I have found over the years that there is a correlation between people's willingness to get over the offensiveness of the term Christian Hedonism and their willingness to yield to the offensive biblical truth behind it. The chief effect of the term is not that it creates a stumbling block to the truth, but that it wakens people to the fact that the truth itself is a stumbling block-and often a very different one than they expected."
God save us all and open our heats and minds and thoughts and ways to His that are higher,
Russ Davis

Denise said...

"For Piper, 'hedonism' is the belief that the point of life is to be happy, and as he describes in his book 'Desiring God', for a Christian that happiness comes in enjoying God (WSC answer 1: Man's chief end is to glorify God and enjoy Him forever). Accg to Piper, we are to be hedonists in Him: our aim and purpose, as the Westminster divines understood it, is to seek pleasure in God." - bluewood

Hi bluewood.

Here's where part of the problem is. Why is a word definition up to Piper to create? That actually makes my point. Piper is using a historically pagan notion and slapping it onto Christ and HIS own, and he knew he was being provocative when he did it. This is not the way of Christ Jesus.

The word "hedone" used in Scripture was not for believers but UNBELIEVERS. Its a perversion to use such a word for Christians.

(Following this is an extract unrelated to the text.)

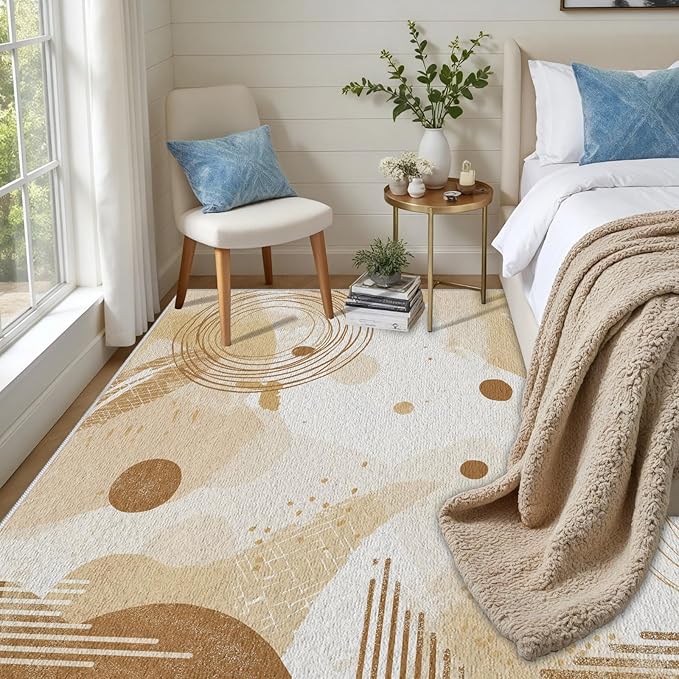 Minimalist Abstract Area Rug 3x5 Beige Boho, Modern Washable Geometric Art Carpet, Soft Non-Slip Low-Pile Carpet for Living Room, Bedroom, Kitchen, Dining Room, Pet Friendly, Non-Shedding, Brown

2Pe 2:13 suffering wrong as the wage for their wrongdoing. They count it pleasure to revel in the daytime. They are blots and blemishes, reveling in their deceptions, while they feast with you.

I would recommend reading this article: http://www.metropolitantabernacle.org/?page=articles&id=3

This is the problem with Post-Modern thinking: anyone can redefine terms and claim truth is blurry. I mean, now we've got "Muslim Christians" and "Christians" claiming "Allah" is a perfectly suitable name for God, when in fact HE has already revealed His name to us. As 1Cor. 6says, we cannot marry paganism with Christ or Christianity. I believe God is very specific in the words HE chose to use to reveal Himself to us.

Also, "WCF" I think you meant to say. WCF isn't Scripture. I do not want man's commentary on the duty of man. I want the Master's view.

Scripture says:

Ecc 12:13 The end of the matter; all has been heard. Fear God and keep his commandments, for this is the whole duty of man. 14 For God will bring every deed into judgment, with every secret thing, whether good or evil.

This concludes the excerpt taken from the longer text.